TEMPO.CO, Jakarta - Direktur Eksekutif Nasional Wahana Lingkungan Hidup (Walhi), Nur Hidayati menilai Presiden Joko Widodo abai terhadap kewajiban menyejahterakan masyarakat lewat pembaruan agraria dan pengelolaan sumber daya alam. Salah satunya lewat rencana pengesahan RUU Cipta Kerja.
Hidayati melihat presiden dan lembaga negara lainnya lalai menjalankan Ketetapan Majelis Permusyawaratan Rakyat Republik Indonesia nomor IX/MPR/2001 tentang Pembaruan Agraria dan Pengelolaan Sumber Daya Alam.
Hidayati melihat pengesahan perubahan UU Minerba pada Mei 2020 dan getolnya pemerintah serta DPR untuk mendorong paket omnibus law, khususnya RUU Cipta Kerja, menjadi bukti bahwa produk hukum yang didorong tidak untuk kepentingan rakyat dan lingkungan hidup.

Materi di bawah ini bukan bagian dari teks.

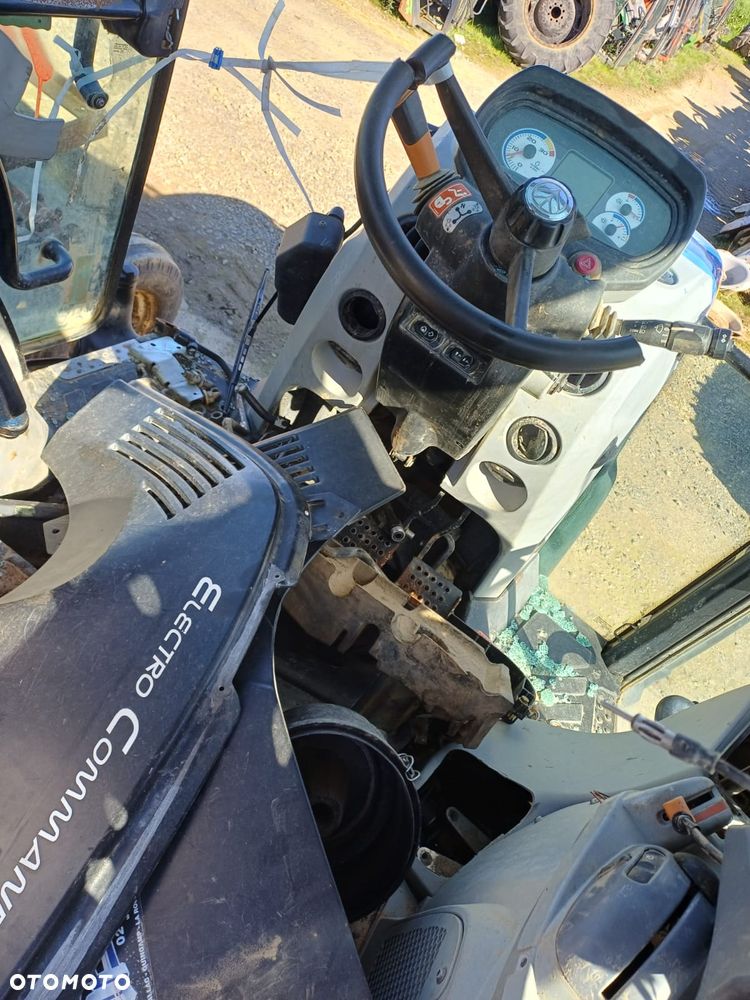 Kabina New Holland T5 95, licznik,sterownik,komputer,wiązka elektyryczna,plastiki,nawiewy,dach,drzwi,instalacja. - 3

"Dengan begitu, proses legislasi berlangsung hanya sekadar untuk melayani kepentingan investasi. Dan ini sangat bertentangan dengan semangat TAP MPR IX/2001," kata Hidayati lewat keterangan tertulis pada Jumat, 14 Agustus 2020.
Padahal, kata Hidayati, TAP MPR yang ditetapkan pada 9 November 2001 ini memberi perintah tegas kepada Presiden bersama DPR untuk mengatur lebih lanjut pelaksanaan pembaruan agraria dan pengelolaan sumber daya alam.
Mereka seharusnya mengevaluasi dan selanjutnya mencabut, mengubah dan/atau mengganti semua undang-undang dan peraturan pelaksana yang bertentangan dengan semangat pembaruan agraria dan pengelolaan sumber daya alam.
Selanjutnya, Presiden diperintahkan untuk menata ulang penguasaan, pemilikan, penggunaan, dan pemanfaatan tanah dengan mengedepankan teknologi ramah lingkungan. Pelaksanaan dua perintah pokok TAP MPR ini selanjutnya diperintahkan untuk dilaporkan Presiden setiap sidang tahunan MPR.
"Sepanjang sejarahnya, tidak ditemukan informasi pelaporan pelaksanaan perintah TAP MPR ini dalam sidang tahunan MPR, termasuk selama lima tahun pertama pemerintahan Jokowi," kata Nur.